John Ritten, assistant professor in the University of Wyoming's Department of Agriculture and Applied Economics, arrived at the Fremont County Fairgrounds Fremont Center equipped with graphs and charts indicating that this year may be another dry one for the state.
"I'm not sure we're through our drought yet," Ritten said. "It's not looking good. I hate to say it, but I wouldn't count on having a lot of grass this year."
He pulled up an image of the Wyoming drought index, which shows the state's average summer conditions over the past 100 years. Ritten pointed out that Wyoming droughts tend to last at least two seasons, if not more.
"There's only a couple of spots where we've been dry for one year," he said. "And it seems like recently droughts are worse and longer."
He advised his audience to start planning now for the potential for a drought in 2013, adding that many area ranchers will be able to use their personal experiences to inform their decision-making.
"In Wyoming, always expect a drought," Ritten said. "If this is your first one, you're new."
He suggested that ranchers also can use economic models that show the benefits and drawbacks of their options in the fact of a dry year. For example, he said liquidating, or selling a herd, makes sense if a rancher wants to save his grass for grazing in a better year. Others, though, may choose to keep their livestock and continue feeding the animals purchased hay, which can be expensive.
"One option that made a lot of sense in our model was weaning calves and sending them two months early to market," Ritten said. "You're not going to make as much money, (but) the big deal is you save your grass."
Compared to the previous two options, he said, early weaning is likely to net more money for a ranch.
"And the longer the drought is, it seems to make more sense," he said.
By contrast, feeding a herd through a drought becomes less profitable the longer the dry spell continues.
"I'd argue against it in the long term," Ritten said, encouraging people to keep their thoughts toward the future when developing a drought plan. "Where do you want to be in 10 years? Make the decisions you need to in order to get there."

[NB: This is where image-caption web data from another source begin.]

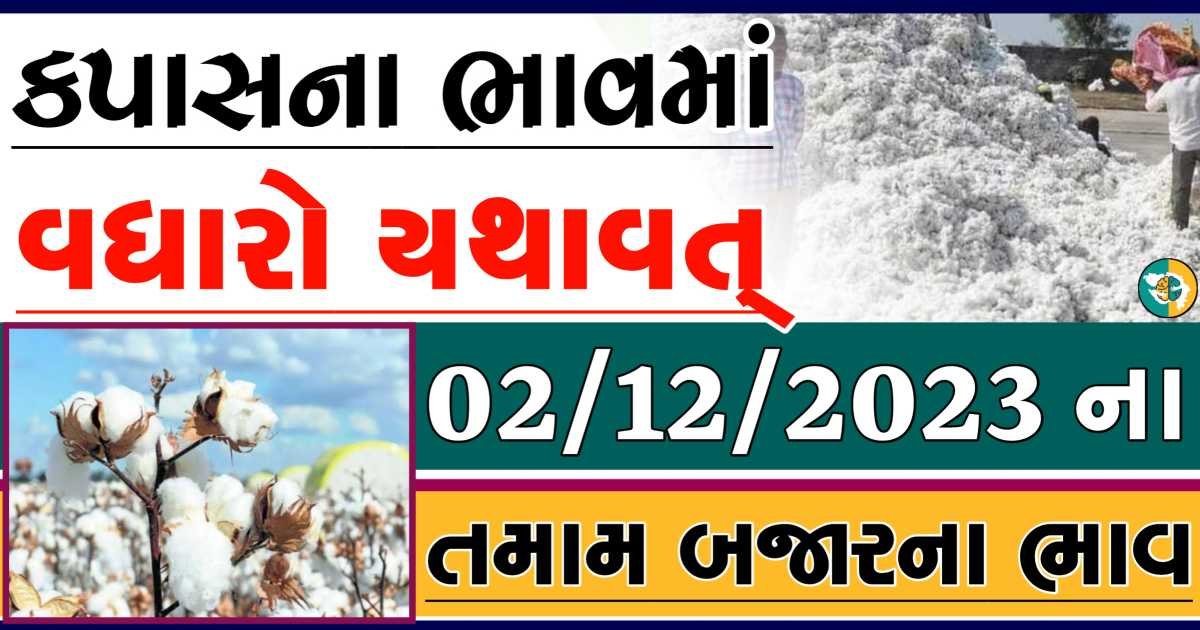 Today 02/12/2023 Cotton Apmc Rate gkmarugujarat.com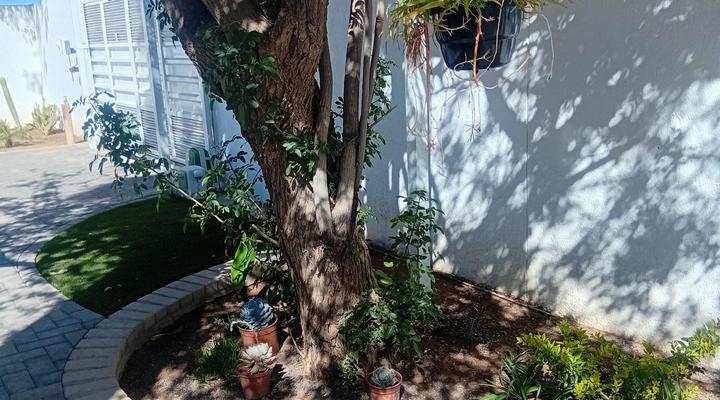 The Amaryllis Guest House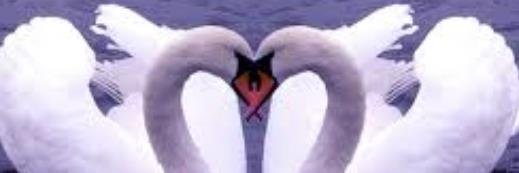 Swan Wheathampstead banner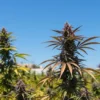 Thai Fantasy Cannabis Plants Flowering Outdoors.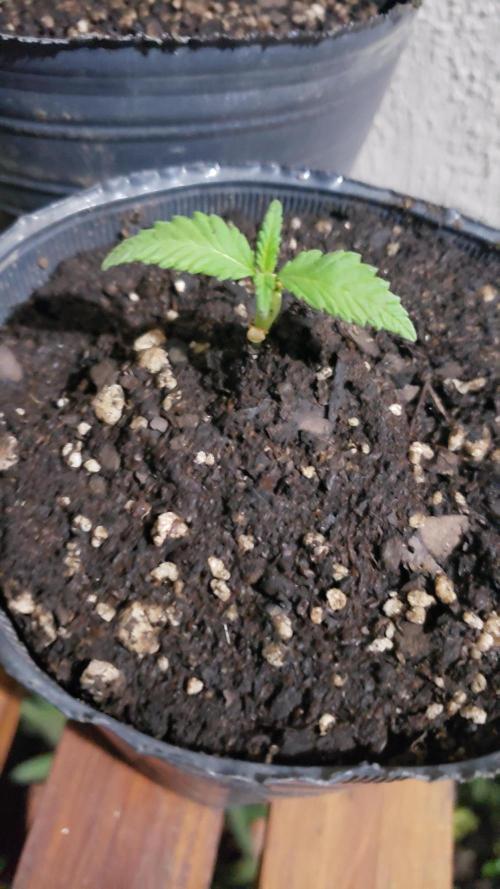 Gorilla Cookies FF - Outdoor 2026. Week 1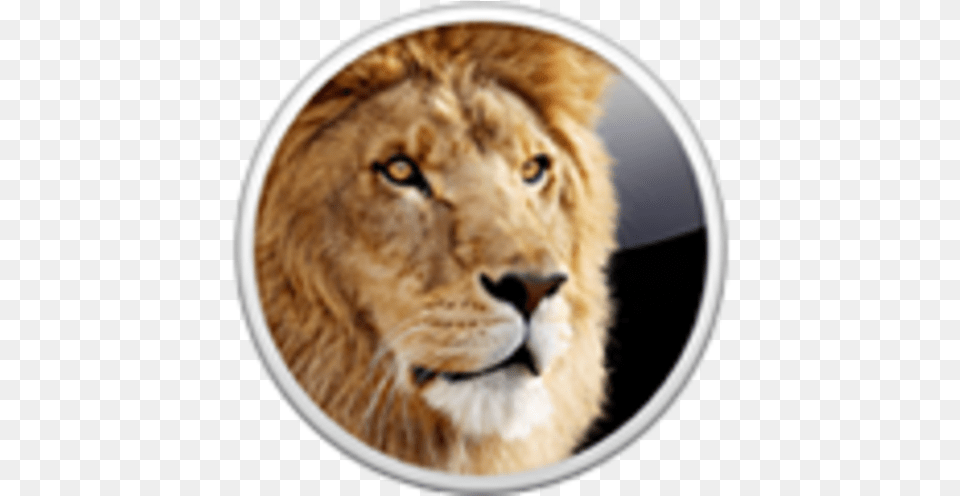 Os X Lion Mac Os X Lion Icon, Animal, Mammal, Wildlife, Canine Png Image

He used several models to demonstrate other options and outcomes based on market prices, weather conditions and herd makeup, all of which was informative to Mandi Hirsch and Jim Haverkamp, specialists with the Natural Resources Conservation Service.
"It was an excellent talk," said Haverkamp, who specializes in range management. "I learned a lot."
Hirsch said she would use Ritten's information to make recommendations to the producers she works with on a regular basis.
"He was really knowledgeable," she said. "And it was really applicable in today's conditions."
She said a lot of people in Wyoming didn't expect the drought in 2012, so they were more likely to be more reactive in planning for the season. This year, she hopes people will be able to plan ahead like Ritten recommended.
Another drought talk is scheduled for 10 a.m. Thursday. To hear more about Ritten's presentation, call 766-3373 or e-mail email@example.com.
Farm and Ranch Days will continue Thursday with lessons on pesticides, dinners from the garden, food preservation fundamentals, renewable energy options and more. At noon, Wyoming State Veterinarian Jim Logan will speak about issues in agriculture.